HARRISON, Ark. (KNWA) — Harrison is the gateway to one of the most beautiful sights in the Ozarks.
The Buffalo National River.
The river is south of town, but the National Parks Service headquarters for that natural wonder is in Harrison and if you’ve never been on a trip to the Buffalo, you’re missing a sight that really represents what the Ozarks is all about.
It’s a national treasure for anyone who loves to camp, hike, float, or fish.
If you love the outdoors the Buffalo River might just be your idea of heaven.
“We like to think we have a little something for everyone here at the Buffalo,” said Casey Johannsen, a Park Ranger on the lower end of the river. “The river changes with every season, with every rainfall, with every dry spell.”
Established as our country’s very first national river by Congress in 1972 in order to stop efforts to dam the waterway, the Buffalo’s natural habitat of wooded hillsides, waterfalls, and high river bluffs are a breathtaking part of this wild mountain beauty.
“You couldn’t come here and float in a canoe or kayak past these amazing bluffs had it not been for those efforts to protect this river and keep it dam free,” Johannsen said. “Floating by a bluff is kind of like taking a look at a cross-section of time. Some of these layers are thousands and thousands and thousands of years old and so it’s really impressive to float by and imagine this place that was under a shallow sea at one time and all the little critters that were compressed into this limestone.”
The hills and hollers around the Buffalo River also have some history. Rush Landing in the lower region was once a bustling town of over 5,000 men, women and children after zinc ore was discovered there and mines sprung up from the 1880’s into the early 1900’s. Now the place is a ghost town with several houses, the remains of the general store, a smelter, and trails that take you to the areas where the mines were located.

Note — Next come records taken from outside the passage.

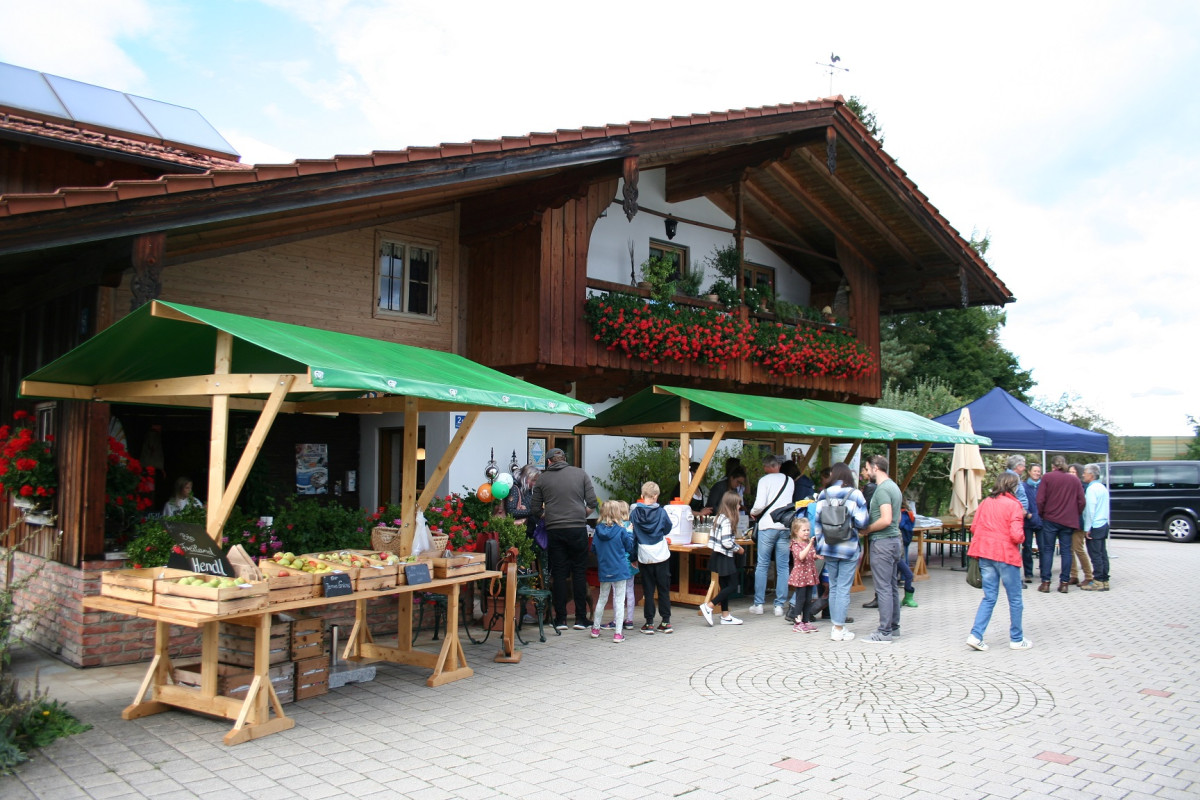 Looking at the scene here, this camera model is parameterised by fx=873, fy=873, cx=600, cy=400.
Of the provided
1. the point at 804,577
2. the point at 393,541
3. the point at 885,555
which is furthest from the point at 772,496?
the point at 393,541

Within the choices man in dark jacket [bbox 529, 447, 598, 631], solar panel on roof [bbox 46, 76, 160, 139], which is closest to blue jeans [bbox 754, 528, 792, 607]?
man in dark jacket [bbox 529, 447, 598, 631]

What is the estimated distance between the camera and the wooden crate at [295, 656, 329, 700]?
6.44 meters

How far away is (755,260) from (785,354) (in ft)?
10.6

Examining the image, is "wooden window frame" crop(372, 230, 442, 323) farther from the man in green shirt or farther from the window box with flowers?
the man in green shirt

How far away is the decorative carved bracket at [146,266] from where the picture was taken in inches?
284

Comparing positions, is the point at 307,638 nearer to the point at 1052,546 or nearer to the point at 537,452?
the point at 537,452

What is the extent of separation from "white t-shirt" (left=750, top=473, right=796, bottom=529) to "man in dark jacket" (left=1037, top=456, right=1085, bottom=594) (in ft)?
14.8

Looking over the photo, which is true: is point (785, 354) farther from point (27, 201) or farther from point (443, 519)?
point (27, 201)

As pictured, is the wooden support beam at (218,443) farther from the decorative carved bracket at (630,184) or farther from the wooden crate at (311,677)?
the decorative carved bracket at (630,184)

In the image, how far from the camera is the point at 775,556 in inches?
420

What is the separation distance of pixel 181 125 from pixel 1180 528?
23235mm

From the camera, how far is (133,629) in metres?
7.75

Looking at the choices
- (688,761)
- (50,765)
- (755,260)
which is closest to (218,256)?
(50,765)

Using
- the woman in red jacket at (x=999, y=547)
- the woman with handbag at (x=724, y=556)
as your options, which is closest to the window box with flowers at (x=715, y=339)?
the woman with handbag at (x=724, y=556) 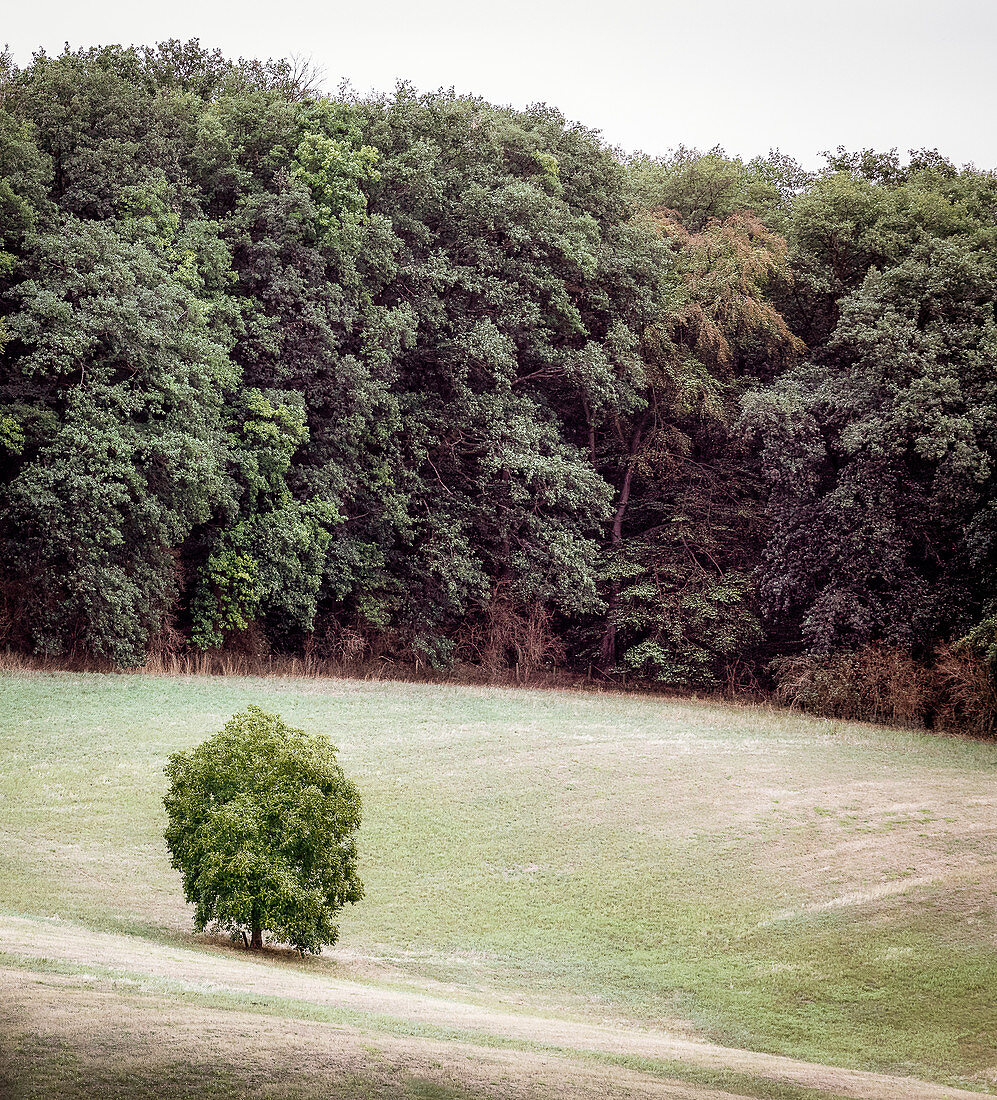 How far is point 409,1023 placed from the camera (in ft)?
26.6

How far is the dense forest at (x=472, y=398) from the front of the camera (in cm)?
2650

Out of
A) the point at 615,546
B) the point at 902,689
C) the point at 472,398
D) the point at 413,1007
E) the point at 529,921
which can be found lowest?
the point at 529,921

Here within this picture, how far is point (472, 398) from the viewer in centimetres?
3180

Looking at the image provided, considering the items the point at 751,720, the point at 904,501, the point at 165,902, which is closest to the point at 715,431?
the point at 904,501

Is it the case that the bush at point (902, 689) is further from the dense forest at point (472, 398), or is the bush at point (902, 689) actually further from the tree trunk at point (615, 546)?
the tree trunk at point (615, 546)

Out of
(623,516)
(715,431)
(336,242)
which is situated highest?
(336,242)

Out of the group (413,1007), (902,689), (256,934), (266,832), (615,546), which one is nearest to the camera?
(413,1007)

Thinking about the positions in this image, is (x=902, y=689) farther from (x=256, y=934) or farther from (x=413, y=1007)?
(x=413, y=1007)

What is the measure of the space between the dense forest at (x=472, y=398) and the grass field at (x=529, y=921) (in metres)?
5.26

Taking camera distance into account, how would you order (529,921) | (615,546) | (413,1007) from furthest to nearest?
1. (615,546)
2. (529,921)
3. (413,1007)

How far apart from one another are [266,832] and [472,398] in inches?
861

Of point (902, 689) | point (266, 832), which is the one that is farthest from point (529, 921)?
point (902, 689)

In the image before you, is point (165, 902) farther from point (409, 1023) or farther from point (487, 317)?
point (487, 317)

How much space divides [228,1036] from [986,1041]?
22.4 feet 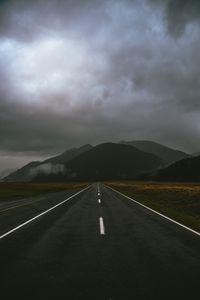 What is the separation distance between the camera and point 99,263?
7594 millimetres

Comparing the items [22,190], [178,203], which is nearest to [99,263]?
[178,203]

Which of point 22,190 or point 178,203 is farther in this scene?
point 22,190

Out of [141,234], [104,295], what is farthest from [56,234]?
[104,295]

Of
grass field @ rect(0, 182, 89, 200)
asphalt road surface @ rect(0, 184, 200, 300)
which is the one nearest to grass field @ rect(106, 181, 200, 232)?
asphalt road surface @ rect(0, 184, 200, 300)

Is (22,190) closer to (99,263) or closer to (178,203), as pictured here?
(178,203)

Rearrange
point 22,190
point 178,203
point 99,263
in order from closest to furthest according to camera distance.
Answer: point 99,263 → point 178,203 → point 22,190

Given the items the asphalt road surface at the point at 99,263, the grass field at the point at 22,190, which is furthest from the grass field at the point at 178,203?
the grass field at the point at 22,190

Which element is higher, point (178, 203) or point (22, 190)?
point (22, 190)

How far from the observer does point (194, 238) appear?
10.9 meters

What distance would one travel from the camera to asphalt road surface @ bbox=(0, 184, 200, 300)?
5.66m

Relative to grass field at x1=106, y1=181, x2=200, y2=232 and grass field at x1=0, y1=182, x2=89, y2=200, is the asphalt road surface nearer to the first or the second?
grass field at x1=106, y1=181, x2=200, y2=232

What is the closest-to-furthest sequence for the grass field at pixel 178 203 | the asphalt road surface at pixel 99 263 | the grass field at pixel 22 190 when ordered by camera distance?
the asphalt road surface at pixel 99 263 → the grass field at pixel 178 203 → the grass field at pixel 22 190

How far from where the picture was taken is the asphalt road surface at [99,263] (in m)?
5.66

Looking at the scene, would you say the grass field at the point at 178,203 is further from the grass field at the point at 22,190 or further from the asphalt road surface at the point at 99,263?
the grass field at the point at 22,190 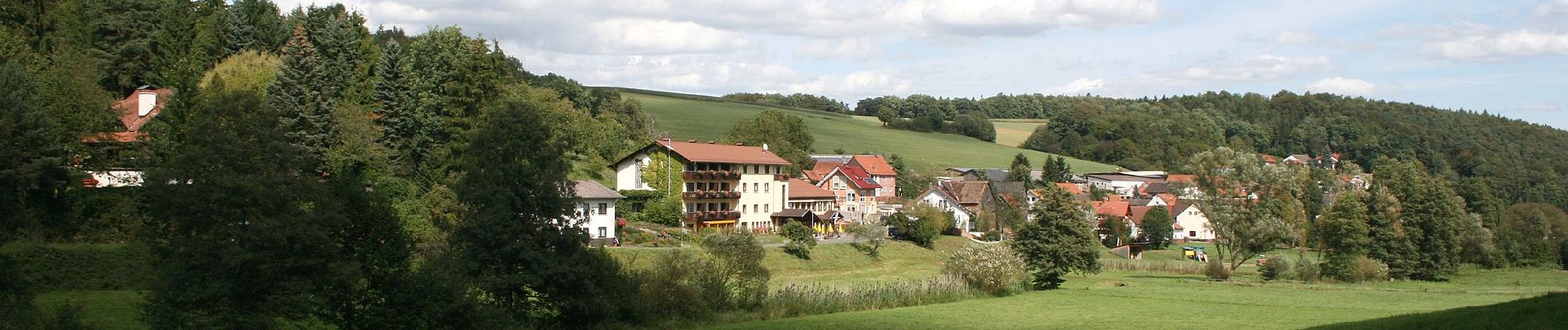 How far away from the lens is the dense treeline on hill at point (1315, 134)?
131 meters

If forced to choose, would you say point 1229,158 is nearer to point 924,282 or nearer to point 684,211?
point 924,282

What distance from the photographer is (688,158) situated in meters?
65.8

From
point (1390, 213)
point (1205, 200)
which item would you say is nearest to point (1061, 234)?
point (1205, 200)

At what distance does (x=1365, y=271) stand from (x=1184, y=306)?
2211 centimetres

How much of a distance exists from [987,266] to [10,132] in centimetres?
3323

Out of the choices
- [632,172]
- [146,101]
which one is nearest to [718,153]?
[632,172]

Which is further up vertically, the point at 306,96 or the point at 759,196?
the point at 306,96

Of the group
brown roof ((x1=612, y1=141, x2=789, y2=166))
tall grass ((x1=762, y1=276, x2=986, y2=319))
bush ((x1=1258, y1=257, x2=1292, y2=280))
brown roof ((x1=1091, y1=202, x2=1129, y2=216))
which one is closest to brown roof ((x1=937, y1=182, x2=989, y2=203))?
brown roof ((x1=1091, y1=202, x2=1129, y2=216))

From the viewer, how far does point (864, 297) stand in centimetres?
3903

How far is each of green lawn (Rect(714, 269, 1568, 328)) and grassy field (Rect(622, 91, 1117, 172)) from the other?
6449cm

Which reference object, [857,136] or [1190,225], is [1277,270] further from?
[857,136]

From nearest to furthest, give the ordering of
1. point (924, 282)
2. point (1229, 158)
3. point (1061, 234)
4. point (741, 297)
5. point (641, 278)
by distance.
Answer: point (641, 278) → point (741, 297) → point (924, 282) → point (1061, 234) → point (1229, 158)

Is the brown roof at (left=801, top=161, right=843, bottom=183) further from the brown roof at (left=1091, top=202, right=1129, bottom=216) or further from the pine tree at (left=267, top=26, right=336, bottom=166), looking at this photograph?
the pine tree at (left=267, top=26, right=336, bottom=166)

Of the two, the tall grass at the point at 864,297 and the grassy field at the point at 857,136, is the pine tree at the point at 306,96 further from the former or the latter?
the grassy field at the point at 857,136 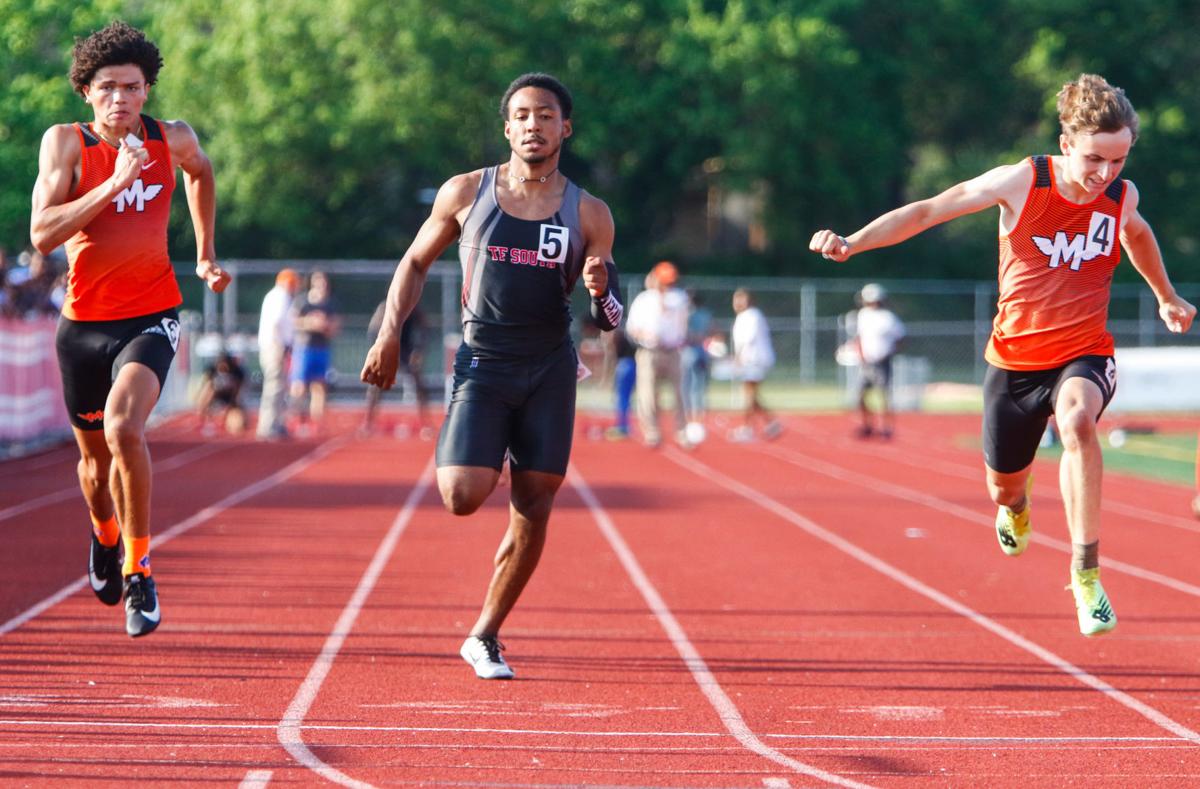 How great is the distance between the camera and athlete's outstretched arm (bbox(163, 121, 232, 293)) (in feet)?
22.5

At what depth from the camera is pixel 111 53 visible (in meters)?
6.51

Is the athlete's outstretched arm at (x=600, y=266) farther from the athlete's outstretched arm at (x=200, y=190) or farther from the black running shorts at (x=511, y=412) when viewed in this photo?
the athlete's outstretched arm at (x=200, y=190)

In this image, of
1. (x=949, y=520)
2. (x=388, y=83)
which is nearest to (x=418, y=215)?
(x=388, y=83)

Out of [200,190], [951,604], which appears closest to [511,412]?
[200,190]

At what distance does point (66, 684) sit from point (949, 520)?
8.56m

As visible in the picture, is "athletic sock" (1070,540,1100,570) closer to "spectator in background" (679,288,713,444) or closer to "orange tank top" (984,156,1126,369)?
"orange tank top" (984,156,1126,369)

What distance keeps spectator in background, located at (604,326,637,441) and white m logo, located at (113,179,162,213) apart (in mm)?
15816

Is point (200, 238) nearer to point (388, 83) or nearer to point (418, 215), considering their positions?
point (388, 83)

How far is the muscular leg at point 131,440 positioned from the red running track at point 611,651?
611 millimetres

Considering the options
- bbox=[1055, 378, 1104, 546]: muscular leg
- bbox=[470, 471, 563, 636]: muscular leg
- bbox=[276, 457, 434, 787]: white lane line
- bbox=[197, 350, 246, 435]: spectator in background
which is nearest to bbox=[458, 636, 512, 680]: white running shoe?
bbox=[470, 471, 563, 636]: muscular leg

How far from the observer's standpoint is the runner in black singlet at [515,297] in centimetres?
635

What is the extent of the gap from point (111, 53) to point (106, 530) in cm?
193

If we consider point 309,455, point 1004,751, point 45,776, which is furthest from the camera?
point 309,455

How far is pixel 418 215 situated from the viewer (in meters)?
46.3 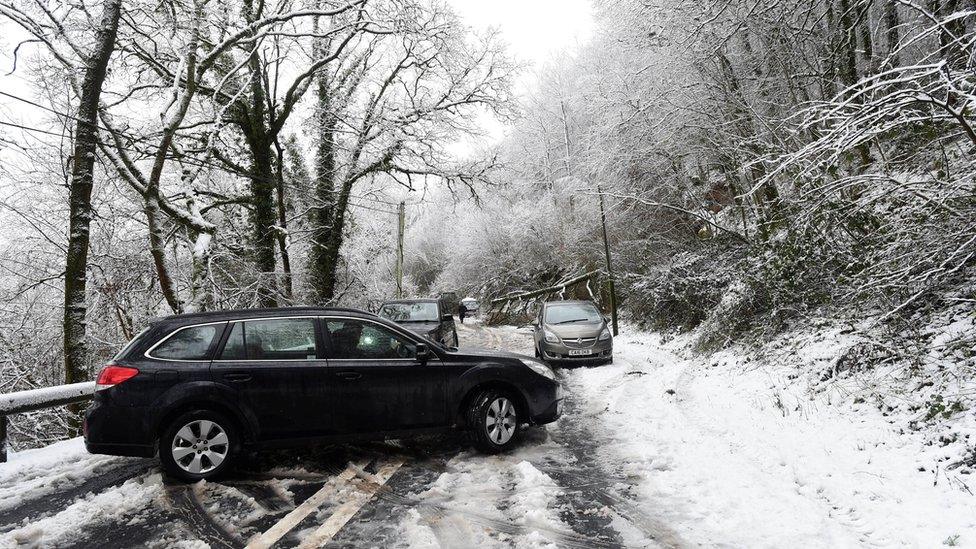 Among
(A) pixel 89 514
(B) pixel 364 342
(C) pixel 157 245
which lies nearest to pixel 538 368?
(B) pixel 364 342

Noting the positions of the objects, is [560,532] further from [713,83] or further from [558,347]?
[713,83]

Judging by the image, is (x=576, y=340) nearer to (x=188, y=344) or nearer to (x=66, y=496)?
(x=188, y=344)

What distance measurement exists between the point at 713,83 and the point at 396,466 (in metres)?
10.2

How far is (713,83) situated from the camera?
11344mm

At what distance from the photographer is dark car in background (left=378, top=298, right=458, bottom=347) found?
1236 centimetres

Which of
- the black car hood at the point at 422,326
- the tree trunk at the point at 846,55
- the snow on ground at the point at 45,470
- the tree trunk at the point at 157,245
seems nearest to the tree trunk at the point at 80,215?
the tree trunk at the point at 157,245

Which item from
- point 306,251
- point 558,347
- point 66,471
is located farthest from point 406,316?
point 66,471

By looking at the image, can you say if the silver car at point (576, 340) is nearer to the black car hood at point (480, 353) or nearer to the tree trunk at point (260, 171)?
the black car hood at point (480, 353)

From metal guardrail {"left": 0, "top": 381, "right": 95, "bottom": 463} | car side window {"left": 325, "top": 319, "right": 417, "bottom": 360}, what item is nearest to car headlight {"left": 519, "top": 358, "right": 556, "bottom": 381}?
car side window {"left": 325, "top": 319, "right": 417, "bottom": 360}

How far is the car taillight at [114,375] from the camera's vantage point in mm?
4859

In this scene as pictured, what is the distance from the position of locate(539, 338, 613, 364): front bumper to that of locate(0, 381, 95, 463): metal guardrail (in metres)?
8.65

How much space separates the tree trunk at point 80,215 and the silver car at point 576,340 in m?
8.95

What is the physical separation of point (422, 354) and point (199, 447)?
7.41ft

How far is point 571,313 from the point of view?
13391 millimetres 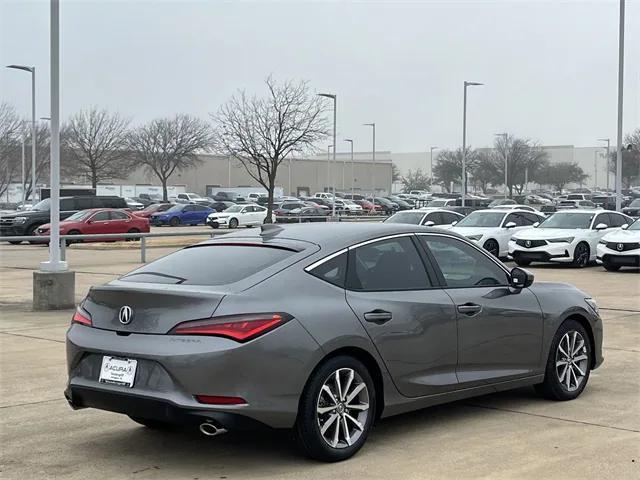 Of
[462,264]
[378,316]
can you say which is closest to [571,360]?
[462,264]

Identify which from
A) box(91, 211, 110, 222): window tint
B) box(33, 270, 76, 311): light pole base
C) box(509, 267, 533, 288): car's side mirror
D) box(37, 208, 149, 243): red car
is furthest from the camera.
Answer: box(91, 211, 110, 222): window tint

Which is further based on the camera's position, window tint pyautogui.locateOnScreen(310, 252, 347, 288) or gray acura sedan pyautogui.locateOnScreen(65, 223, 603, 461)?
window tint pyautogui.locateOnScreen(310, 252, 347, 288)

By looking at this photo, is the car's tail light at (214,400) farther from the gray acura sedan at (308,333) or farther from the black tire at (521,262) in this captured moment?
the black tire at (521,262)

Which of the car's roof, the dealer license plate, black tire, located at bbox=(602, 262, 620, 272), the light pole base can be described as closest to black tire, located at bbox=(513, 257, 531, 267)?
black tire, located at bbox=(602, 262, 620, 272)

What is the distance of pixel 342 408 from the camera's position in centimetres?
542

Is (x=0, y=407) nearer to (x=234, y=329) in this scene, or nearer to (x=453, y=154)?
(x=234, y=329)

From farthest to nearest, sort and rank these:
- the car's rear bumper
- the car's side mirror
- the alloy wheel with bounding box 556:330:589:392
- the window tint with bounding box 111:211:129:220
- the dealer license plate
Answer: the window tint with bounding box 111:211:129:220, the alloy wheel with bounding box 556:330:589:392, the car's side mirror, the dealer license plate, the car's rear bumper

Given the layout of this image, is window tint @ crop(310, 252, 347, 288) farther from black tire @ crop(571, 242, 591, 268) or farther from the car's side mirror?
black tire @ crop(571, 242, 591, 268)

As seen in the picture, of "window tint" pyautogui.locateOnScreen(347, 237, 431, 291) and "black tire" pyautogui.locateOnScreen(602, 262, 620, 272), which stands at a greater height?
"window tint" pyautogui.locateOnScreen(347, 237, 431, 291)

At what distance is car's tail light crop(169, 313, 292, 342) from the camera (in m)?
5.02

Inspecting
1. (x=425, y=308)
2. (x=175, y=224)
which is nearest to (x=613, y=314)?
(x=425, y=308)

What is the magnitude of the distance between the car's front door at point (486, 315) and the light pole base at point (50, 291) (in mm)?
8118

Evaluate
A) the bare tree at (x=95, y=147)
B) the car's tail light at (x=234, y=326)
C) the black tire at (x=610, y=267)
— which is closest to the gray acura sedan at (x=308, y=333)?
the car's tail light at (x=234, y=326)

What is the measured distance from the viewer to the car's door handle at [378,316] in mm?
5613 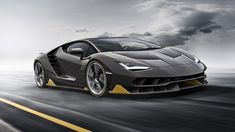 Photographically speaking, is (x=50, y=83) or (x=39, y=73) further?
(x=39, y=73)

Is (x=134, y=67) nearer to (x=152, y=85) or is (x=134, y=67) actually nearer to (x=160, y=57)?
(x=152, y=85)

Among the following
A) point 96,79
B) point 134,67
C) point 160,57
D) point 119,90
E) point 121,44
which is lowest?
point 119,90

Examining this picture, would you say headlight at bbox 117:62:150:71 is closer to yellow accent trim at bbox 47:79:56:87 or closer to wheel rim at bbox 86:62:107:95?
wheel rim at bbox 86:62:107:95

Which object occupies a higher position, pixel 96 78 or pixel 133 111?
pixel 96 78

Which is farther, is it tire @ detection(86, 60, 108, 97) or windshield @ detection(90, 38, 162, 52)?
windshield @ detection(90, 38, 162, 52)

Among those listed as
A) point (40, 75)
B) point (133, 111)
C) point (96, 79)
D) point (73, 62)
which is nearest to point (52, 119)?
point (133, 111)

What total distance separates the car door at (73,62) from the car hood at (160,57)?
31.1 inches

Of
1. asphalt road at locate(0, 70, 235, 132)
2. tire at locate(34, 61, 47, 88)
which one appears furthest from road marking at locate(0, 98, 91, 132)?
tire at locate(34, 61, 47, 88)

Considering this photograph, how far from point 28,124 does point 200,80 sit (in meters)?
3.46

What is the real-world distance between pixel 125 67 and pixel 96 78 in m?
0.79

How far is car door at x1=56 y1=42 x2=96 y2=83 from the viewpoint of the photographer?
8.33m

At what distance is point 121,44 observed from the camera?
8531 mm

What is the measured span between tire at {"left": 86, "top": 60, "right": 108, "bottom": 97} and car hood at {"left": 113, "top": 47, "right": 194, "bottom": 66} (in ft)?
1.40

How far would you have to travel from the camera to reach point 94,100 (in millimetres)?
7520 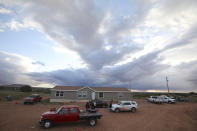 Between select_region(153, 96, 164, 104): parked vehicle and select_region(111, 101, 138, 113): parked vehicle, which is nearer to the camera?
select_region(111, 101, 138, 113): parked vehicle

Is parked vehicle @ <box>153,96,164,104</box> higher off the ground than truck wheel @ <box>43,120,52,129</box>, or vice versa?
truck wheel @ <box>43,120,52,129</box>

“You sure had to have a lot of grit and tenacity to live in this rural area of the Ozarks,” Johannsen said. “So coming down here to the Rush historic area reminds you of the special places we preserve in terms of Ozark culture.”
From this ghost town at the lower end of the Buffalo we head two hours to the upper end of the river that stretches over 150 miles through Baxter, Marion, Searcy and Newton counties. It’s at the western upper section where you’ll find the state’s only elk herd, introduced in the 1980’s. The best viewing of elk is during October and November and on this particular evening we were joined by other folks anxious to get their own photos including Ronald Duvall, who’d driven almost two hours to an area that’s become a popular tourist attraction.
“This time of year the elk are really starting to rut and the bulls are moving in this valley,” Duvall said. “I’ve seen as many as a hundred in this valley. This time of year there will be a lot of people here. I’ve seen gridlock traffic where you couldn’t move.”
From grazing elk to spiders weaving their webs , the Buffalo is a true back to nature experience.
A place to mellow out away from the work-day world.
“I think just the more and more we’re connected with technology and the more urban our environments become makes these landscapes that much more important for people to have access to.”